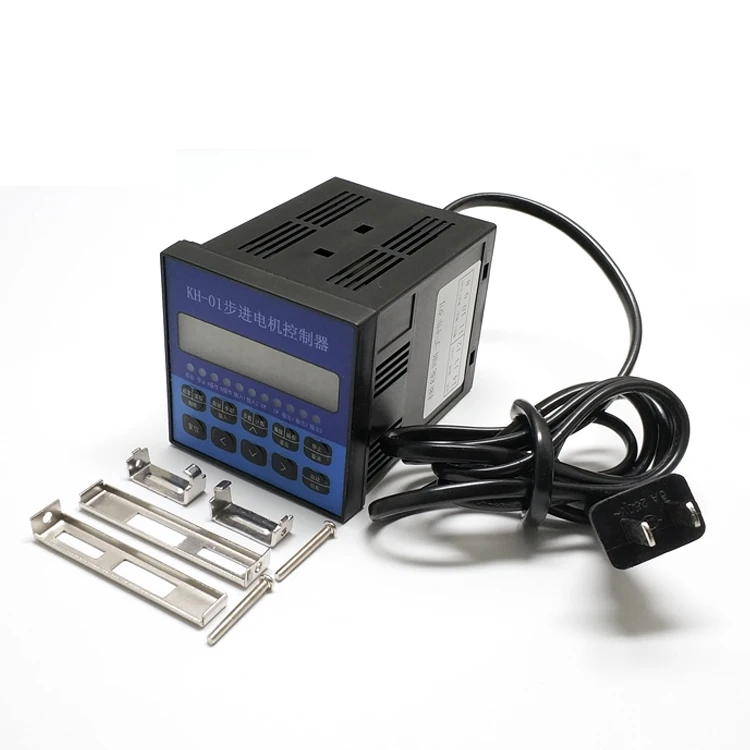 

Single-axis controller Single-axis stepper motor controller KH-01 programmable stepper motor controller 220V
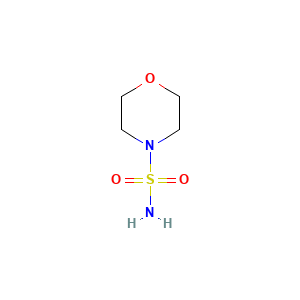 4-Morpholinesulfonamide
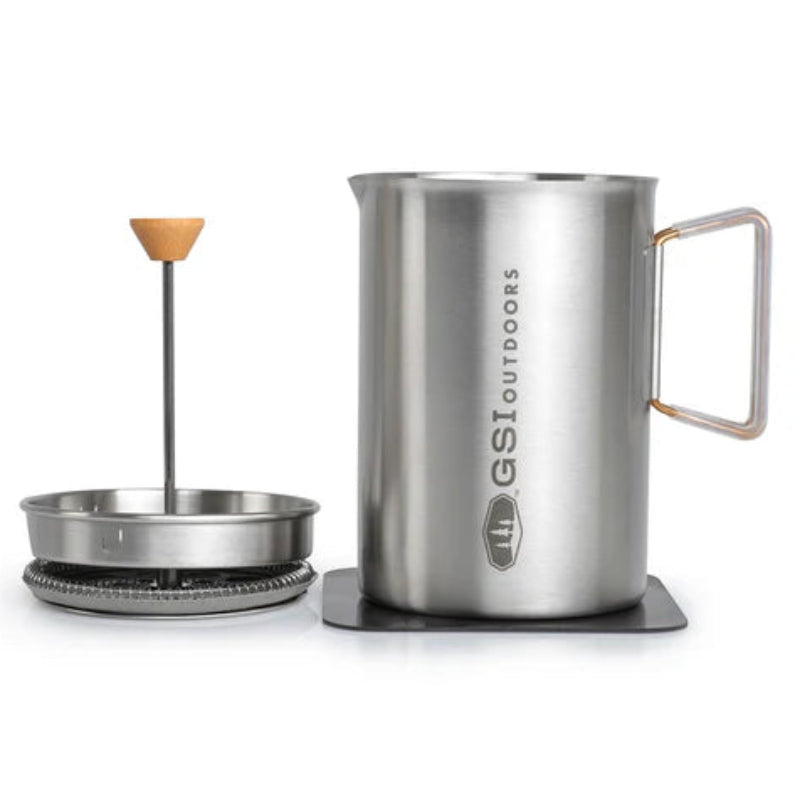 Glacier Stovetop Javapress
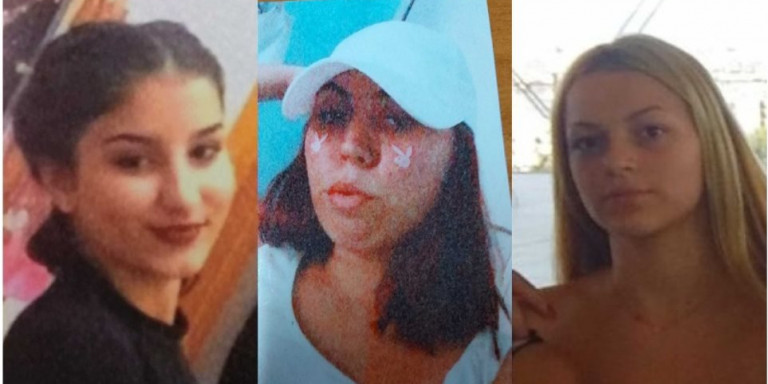 Χαμόγελο του Παιδιού: Εξαφανίστηκαν και πάλι τα τρία ανήλικα κορίτσια από την Αγία Παρασκευή
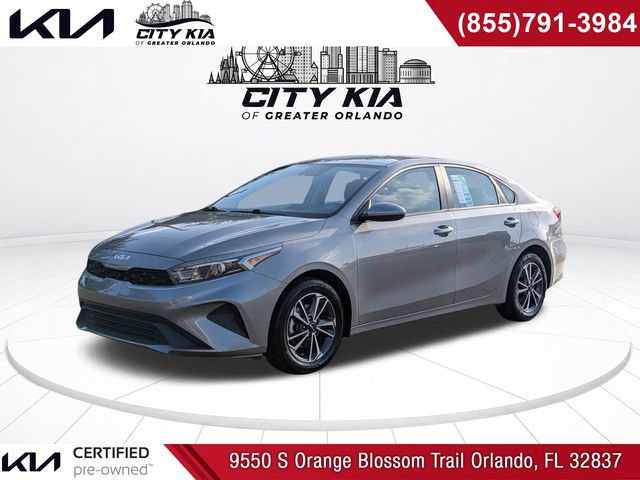Certified 2024 Kia Forte LXS FWD image 1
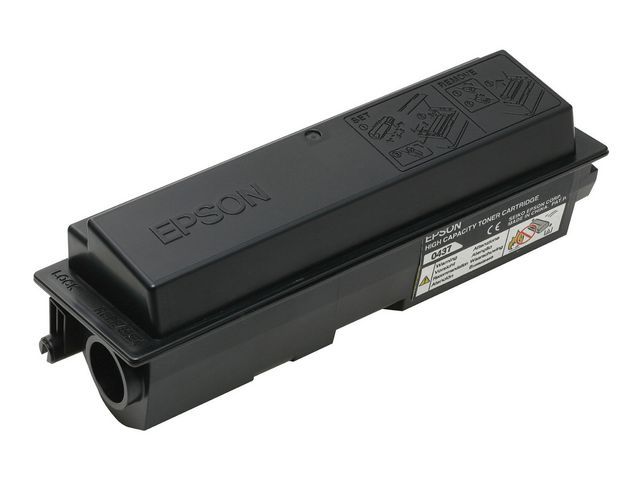 Toner Epson M2000 8K HC ret.pr. zwart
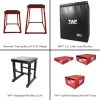 Oates Specialties Plyometric Training Boxes Starting Pistol Accessories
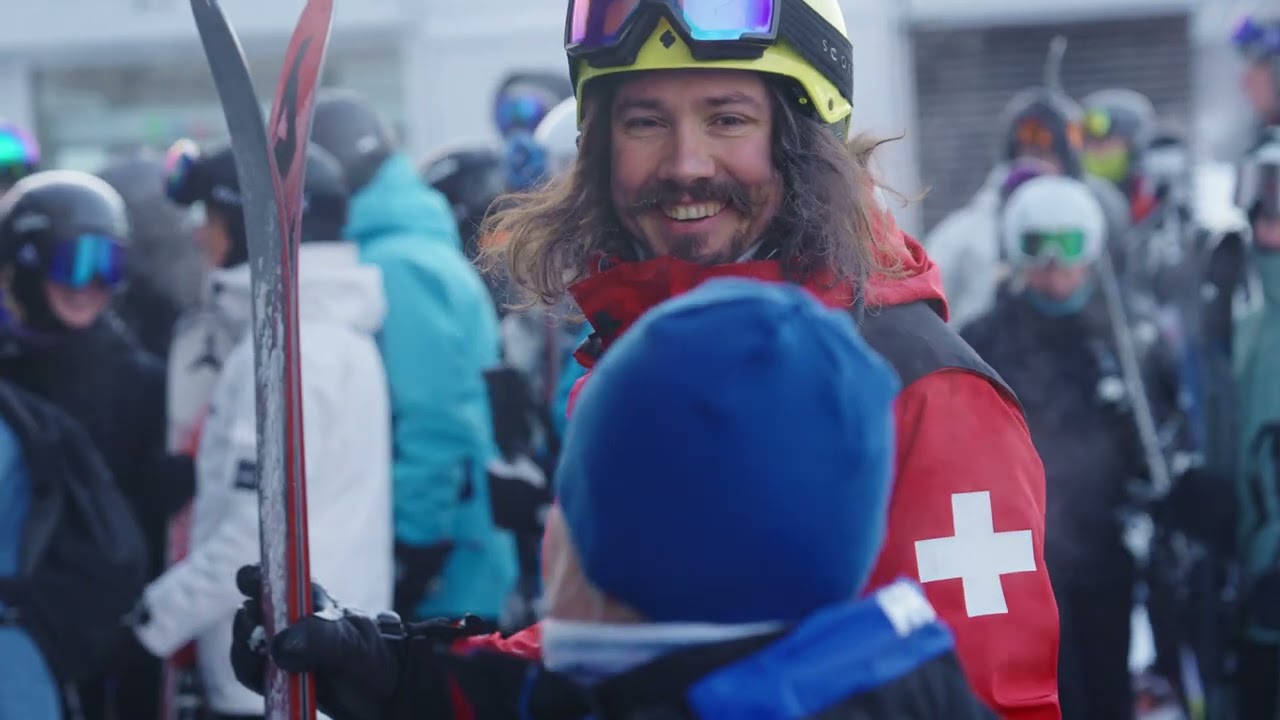 Skipatruljen i Hafjell ♥️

——————

## What is required
Repeat the listing exactly, minus its pictures.

## Written response
Single-axis controller Single-axis stepper motor controller KH-01 programmable stepper motor controller 220V
 4-Morpholinesulfonamide
 Glacier Stovetop Javapress
 Χαμόγελο του Παιδιού: Εξαφανίστηκαν και πάλι τα τρία ανήλικα κορίτσια από την Αγία Παρασκευή
Certified 2024 Kia Forte LXS FWD image 1
 Toner Epson M2000 8K HC ret.pr. zwart
 Oates Specialties Plyometric Training Boxes Starting Pistol Accessories
 Skipatruljen i Hafjell ♥️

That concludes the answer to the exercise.